Short descriptive text snippets
━━━━━━━━

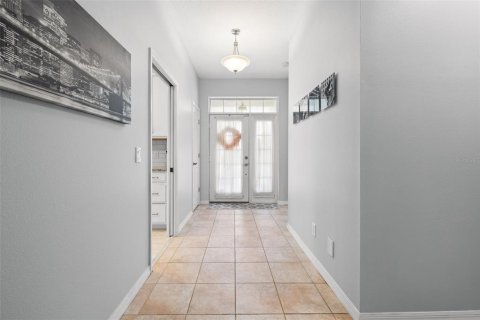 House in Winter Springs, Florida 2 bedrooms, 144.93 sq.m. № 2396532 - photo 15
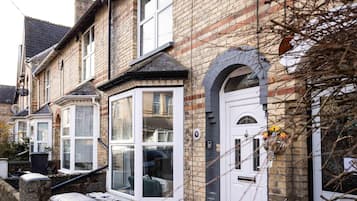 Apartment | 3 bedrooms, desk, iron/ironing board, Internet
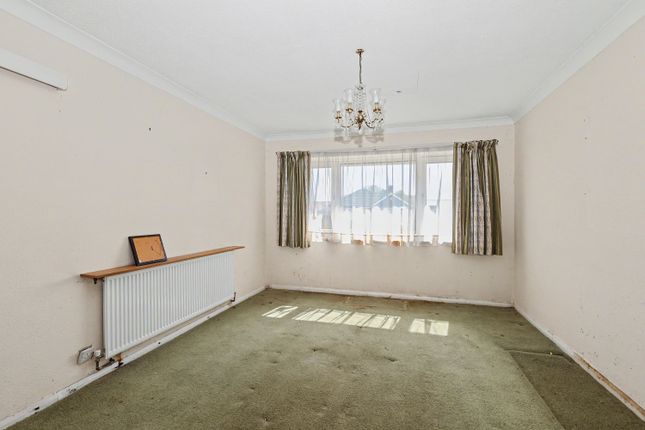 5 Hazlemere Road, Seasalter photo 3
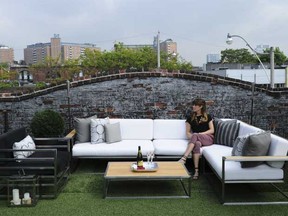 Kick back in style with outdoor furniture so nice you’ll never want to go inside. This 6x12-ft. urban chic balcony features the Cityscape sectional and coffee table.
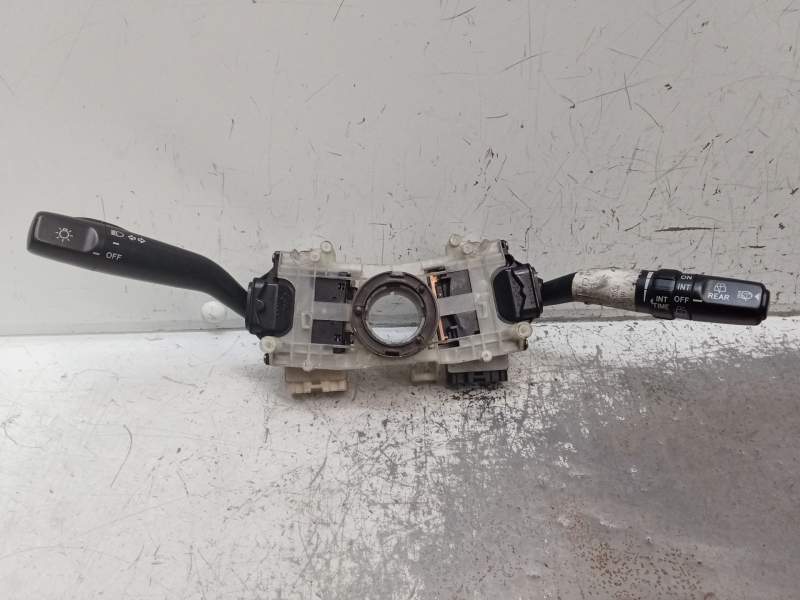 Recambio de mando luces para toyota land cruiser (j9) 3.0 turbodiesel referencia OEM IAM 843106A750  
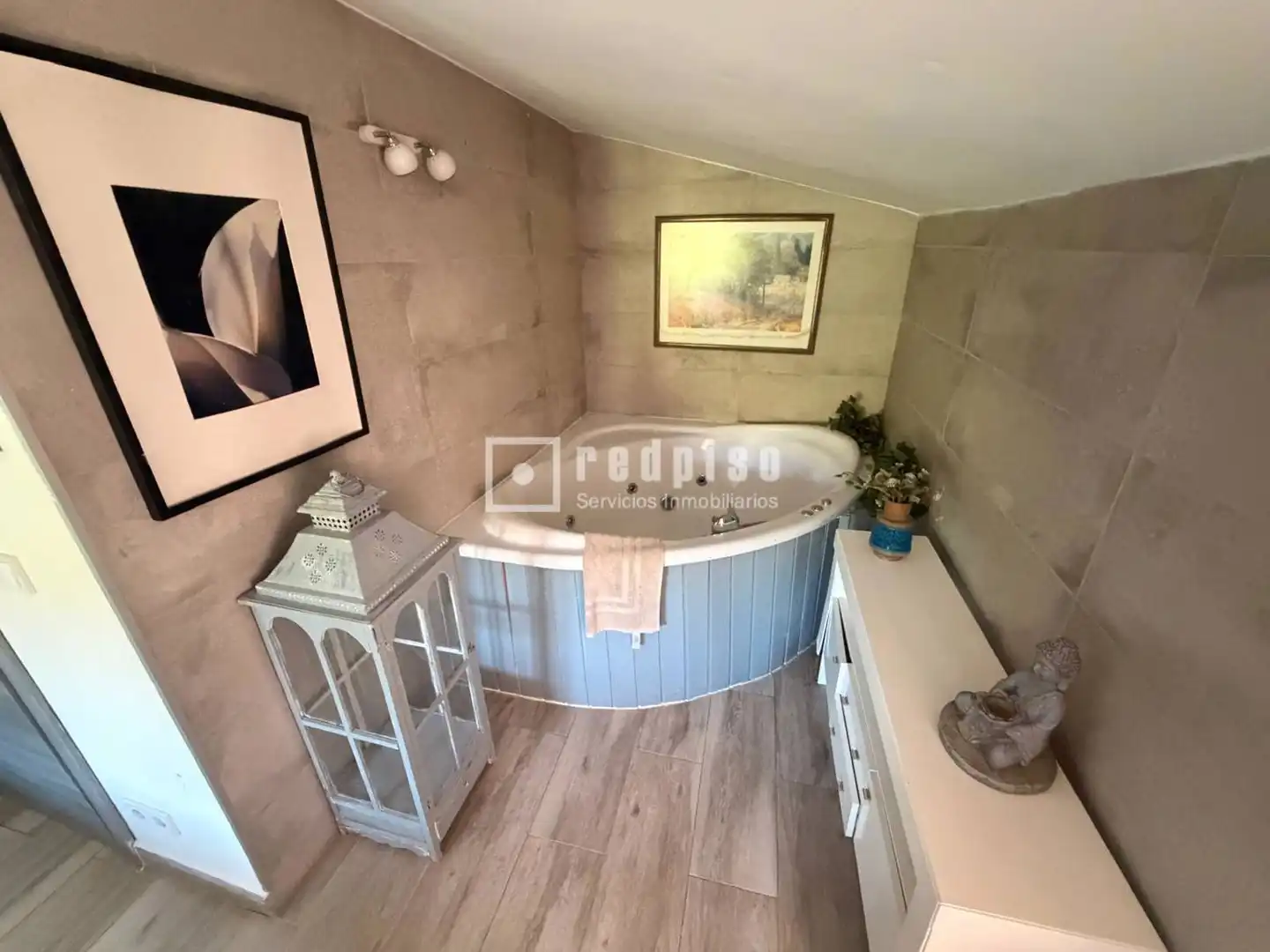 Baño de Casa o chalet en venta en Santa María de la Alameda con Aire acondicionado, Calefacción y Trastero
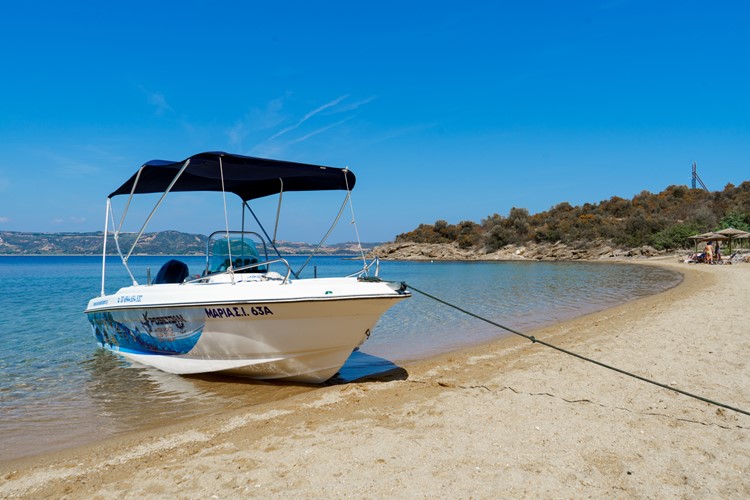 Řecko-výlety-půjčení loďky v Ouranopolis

━━━━━━━━

Your copy should hold the lines from the one with "5 Hazlemere Road, Seasalter photo 3" up to and including the one with "Baño de Casa", exactly as in the data above, and no pictures.

 5 Hazlemere Road, Seasalter photo 3
 Kick back in style with outdoor furniture so nice you’ll never want to go inside. This 6x12-ft. urban chic balcony features the Cityscape sectional and coffee table.
 Recambio de mando luces para toyota land cruiser (j9) 3.0 turbodiesel referencia OEM IAM 843106A750  
 Baño de Casa o chalet en venta en Santa María de la Alameda con Aire acondicionado, Calefacción y Trastero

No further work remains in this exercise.